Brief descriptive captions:
= = = =

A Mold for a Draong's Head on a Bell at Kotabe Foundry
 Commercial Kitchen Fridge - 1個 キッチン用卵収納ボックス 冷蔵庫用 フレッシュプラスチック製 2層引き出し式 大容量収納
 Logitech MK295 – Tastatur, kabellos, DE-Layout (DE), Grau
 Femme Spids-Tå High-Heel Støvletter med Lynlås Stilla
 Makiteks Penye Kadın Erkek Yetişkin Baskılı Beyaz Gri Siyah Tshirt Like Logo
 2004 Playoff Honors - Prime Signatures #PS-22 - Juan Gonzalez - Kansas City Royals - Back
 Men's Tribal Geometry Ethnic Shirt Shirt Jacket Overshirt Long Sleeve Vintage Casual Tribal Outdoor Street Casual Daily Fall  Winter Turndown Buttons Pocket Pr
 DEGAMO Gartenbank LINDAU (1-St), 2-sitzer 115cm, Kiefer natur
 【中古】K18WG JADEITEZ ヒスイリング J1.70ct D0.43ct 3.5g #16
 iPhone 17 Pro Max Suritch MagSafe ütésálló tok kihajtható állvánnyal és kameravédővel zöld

= = = =

Required work: Exact retyping is required: the line with "2004 Playoff Honors" through the end of the data, both ends included, and no other line.

Answer to this problem:
 2004 Playoff Honors - Prime Signatures #PS-22 - Juan Gonzalez - Kansas City Royals - Back
 Men's Tribal Geometry Ethnic Shirt Shirt Jacket Overshirt Long Sleeve Vintage Casual Tribal Outdoor Street Casual Daily Fall  Winter Turndown Buttons Pocket Pr
 DEGAMO Gartenbank LINDAU (1-St), 2-sitzer 115cm, Kiefer natur
 【中古】K18WG JADEITEZ ヒスイリング J1.70ct D0.43ct 3.5g #16
 iPhone 17 Pro Max Suritch MagSafe ütésálló tok kihajtható állvánnyal és kameravédővel zöld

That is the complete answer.